College Accreditors Get An F

Education Higher Ed

The federal government’s overseer of college accreditors, the National Advisory Committee on Institutional Quality and Integrity, is set to meet next week and decide whether to revoke recognition of the Accrediting Council for Independent Colleges and Schools (ACICS). ACICS is one of several bodies that “accredit” thousands of colleges and universities in the United States, making these institutions eligible to receive taxpayer funds through Pell Grants and federal student loans. Having accredited several schools in the ill-fated Corinthian Colleges chain, ACICS now faces an onslaught from several state attorneys general, who want its recognition terminated.

“Accreditors are required by law to evaluate schools on financial characteristics, but not on whether students actually succeed. The resulting message to colleges is: as long as your finances are in order, it does not matter if your students fail.”

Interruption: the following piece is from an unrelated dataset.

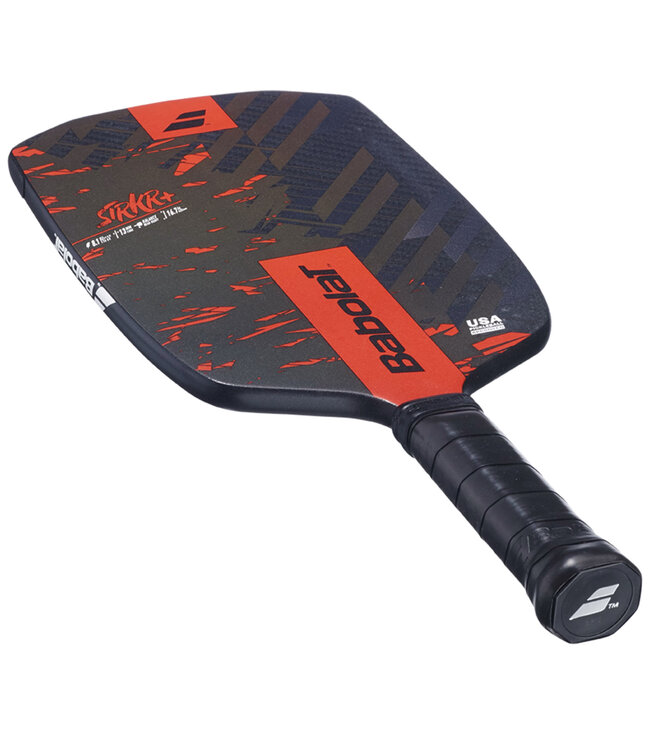 Babolat Strkr + 2025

These politicians are correct in their assessment of ACICS as a poor gatekeeper of taxpayer dollars. The average student outcomes of schools accredited by ACICS are particularly egregious. According to my analysis of Department of Education data, 71% of ACICS schools’ students have federal student loans, and 19% default within three years. Only 50% graduate, and just 45% of enrollees earn more than the average high school degree holder. There is no way to disguise these results—ACICS schools largely fail students no matter how you measure the outcomes. However, it is erroneous to claim that such poor results are unique to ACICS-accredited institutions.

To compare these outcomes across accreditors, I give a school a “red flag” if it fares worse than the average ACICS institution on one of these four metrics: default rate, graduation rate, share of enrollees earning more than typical high school graduates, and share with federal student loans. (As I wroteearlier this month, heavy dependence on federal aid is a bad sign.) In other words, a school with a graduation rate below 50%, the ACICS average, gets a red flag. Schools with four red flags are worse than the average ACICS institution across the board—they have no bright spots.

As the chart below demonstrates, ACICS accredits the worst set of schools—but it hardly has a monopoly on poor-quality institutions. More than half of the schools recognized by every single major accreditor have at least one red flag, and 37% of the average accreditor’s schools have two red flags or more.

Note: Not all schools reported data for all four metrics (graduation rate, default rate, share earning more than high school graduates, and share with federal student loans). Missing data was not counted as a red flag. Therefore, these estimates are likely more favorable to the schools than reality. “Major” accreditors are defined as regional and national accreditors that recognize more than 50 schools.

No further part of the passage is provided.